We then split the data into training and testing sets and employed Bayesian Regression to
fit a model to the training data. Throughout the process, we fine-tuned the model's
hyperparameters to achieve an optimal balance between bias and variance. Subsequently,
we used the model to make predictions on the test data and evaluated its performance
using mean squared error and R-squared score.

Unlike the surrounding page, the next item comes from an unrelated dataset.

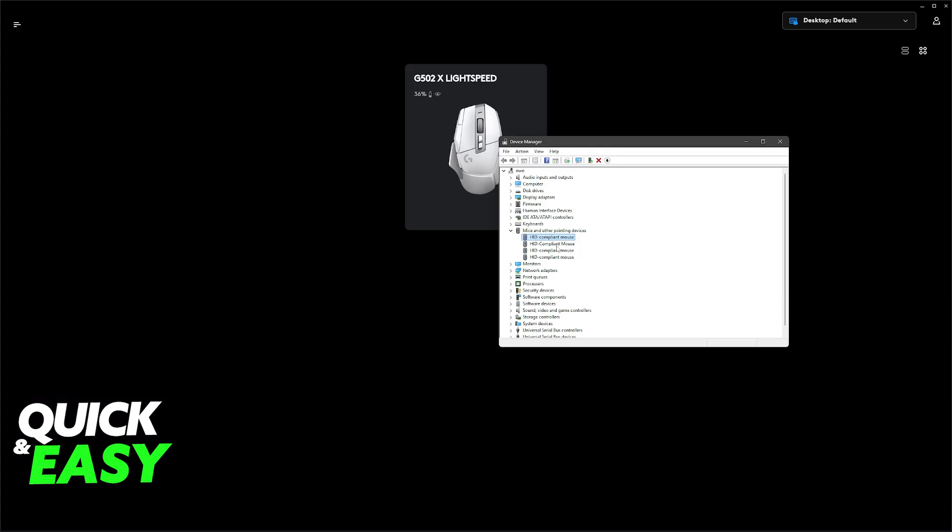Once this is done, and you change the USB port that you are using the mouse on, the drivers will be reacquired, and essentially, it is going to factory reset the mouse.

The results, with an R^2 score of 0.65 and an RMSE of 0.68, indicate that the Bayesian
Regression model has captured a reasonable amount of the relationship between the input
features and the target variable, the median house value in California. While the
performance is decent, there is still room for improvement. Further refinements, such as
feature engineering, model selection, or hyperparameter tuning, could potentially enhance
the model's performance, enabling more accurate predictions of house values.